• [TRY IT]:
Your answer must be every line of the data that holds the string "little".

• [DATA LISTING]:
>>>
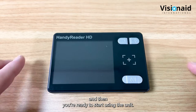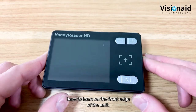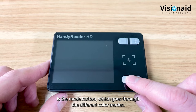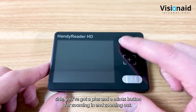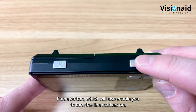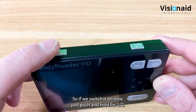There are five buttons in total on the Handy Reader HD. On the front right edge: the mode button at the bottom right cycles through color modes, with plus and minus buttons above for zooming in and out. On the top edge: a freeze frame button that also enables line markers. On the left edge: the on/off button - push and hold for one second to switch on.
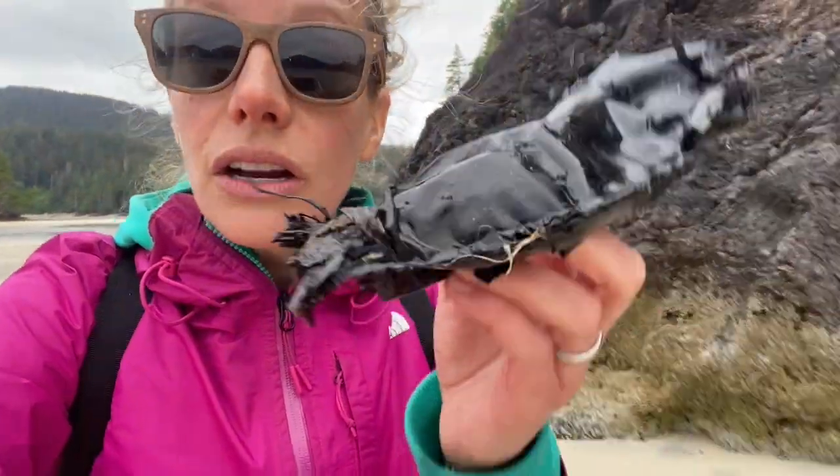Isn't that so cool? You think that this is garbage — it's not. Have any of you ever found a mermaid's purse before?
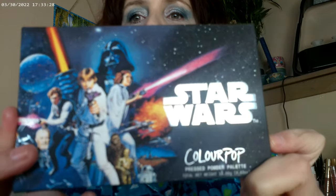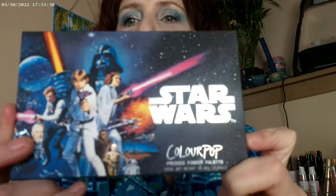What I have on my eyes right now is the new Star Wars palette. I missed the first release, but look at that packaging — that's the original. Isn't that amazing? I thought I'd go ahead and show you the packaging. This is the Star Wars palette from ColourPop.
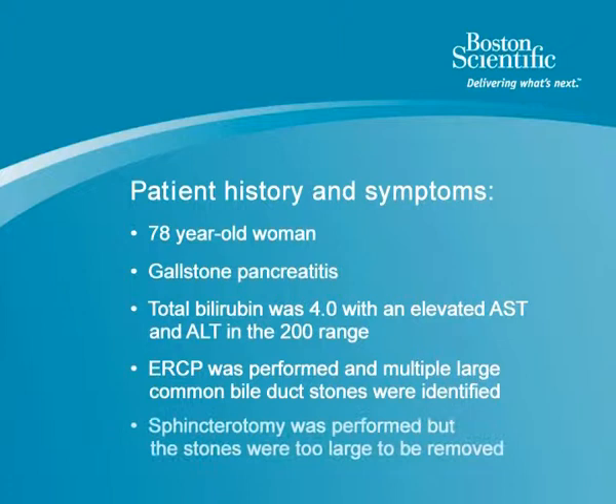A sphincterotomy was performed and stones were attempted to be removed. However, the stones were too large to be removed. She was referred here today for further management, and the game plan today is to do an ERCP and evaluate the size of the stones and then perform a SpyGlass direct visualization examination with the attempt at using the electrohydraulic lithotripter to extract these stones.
<<<
>>>
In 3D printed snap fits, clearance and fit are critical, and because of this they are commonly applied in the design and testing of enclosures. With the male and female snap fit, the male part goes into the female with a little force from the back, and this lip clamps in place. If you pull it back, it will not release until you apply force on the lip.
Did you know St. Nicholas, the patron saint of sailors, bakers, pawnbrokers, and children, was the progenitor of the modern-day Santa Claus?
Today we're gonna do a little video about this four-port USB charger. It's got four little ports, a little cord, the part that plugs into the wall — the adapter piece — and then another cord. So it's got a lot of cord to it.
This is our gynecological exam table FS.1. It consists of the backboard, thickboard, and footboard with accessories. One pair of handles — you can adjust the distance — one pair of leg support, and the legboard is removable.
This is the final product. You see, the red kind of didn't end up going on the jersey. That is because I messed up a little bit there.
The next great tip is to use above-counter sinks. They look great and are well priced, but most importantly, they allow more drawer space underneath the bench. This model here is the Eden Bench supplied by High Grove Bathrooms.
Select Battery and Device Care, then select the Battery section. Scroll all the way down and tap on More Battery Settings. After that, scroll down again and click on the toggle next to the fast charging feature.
<<<
• [RESULT OF THE TASK]:
In 3D printed snap fits, clearance and fit are critical, and because of this they are commonly applied in the design and testing of enclosures. With the male and female snap fit, the male part goes into the female with a little force from the back, and this lip clamps in place. If you pull it back, it will not release until you apply force on the lip.
Today we're gonna do a little video about this four-port USB charger. It's got four little ports, a little cord, the part that plugs into the wall — the adapter piece — and then another cord. So it's got a lot of cord to it.
This is the final product. You see, the red kind of didn't end up going on the jersey. That is because I messed up a little bit there.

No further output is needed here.